* [Directions] Pictures stay out of the copy. Retype exactly the lines below from the one with "Comfortable Studio with" through the one with "Bananinis medaus tortas".

* [Recorded data]

((

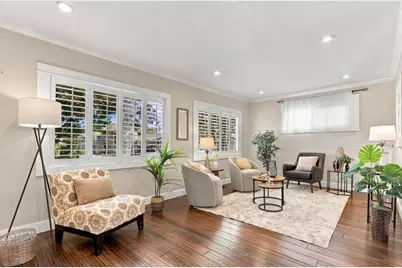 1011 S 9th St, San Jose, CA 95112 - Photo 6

))
((

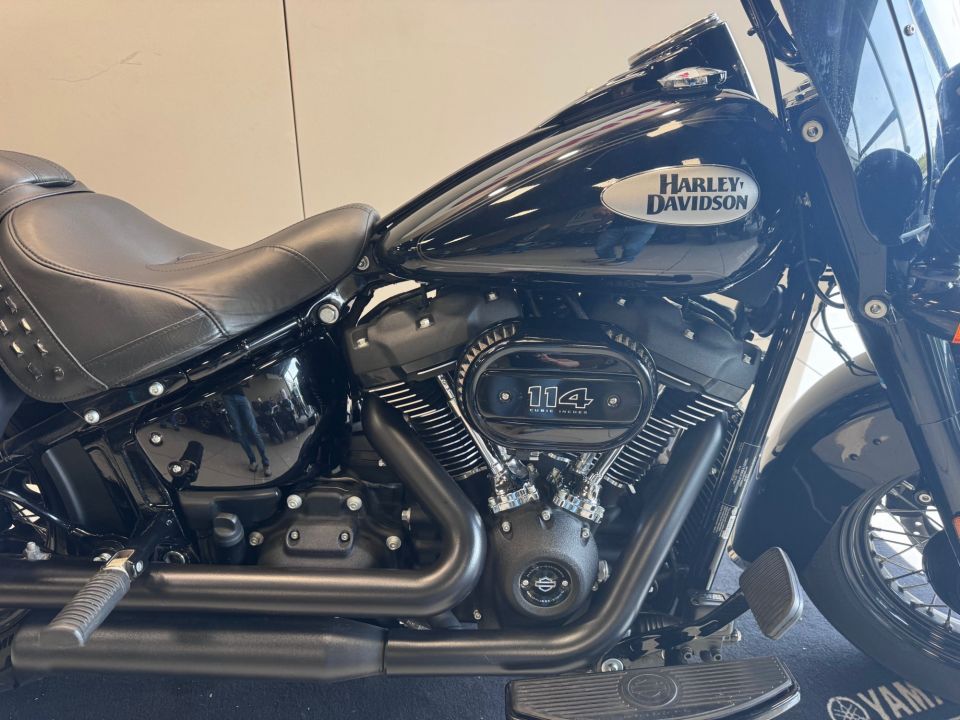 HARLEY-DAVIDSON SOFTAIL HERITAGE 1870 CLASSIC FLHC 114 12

))
((

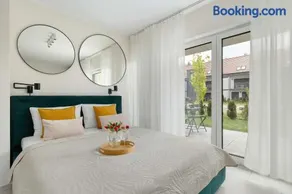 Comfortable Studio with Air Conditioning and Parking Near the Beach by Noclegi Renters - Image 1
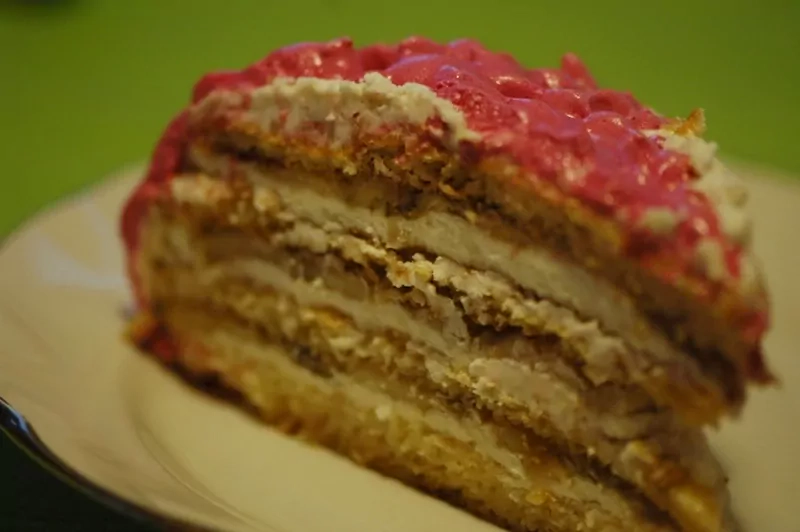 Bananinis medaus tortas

))

* [Written answer]
 Comfortable Studio with Air Conditioning and Parking Near the Beach by Noclegi Renters - Image 1
 Bananinis medaus tortas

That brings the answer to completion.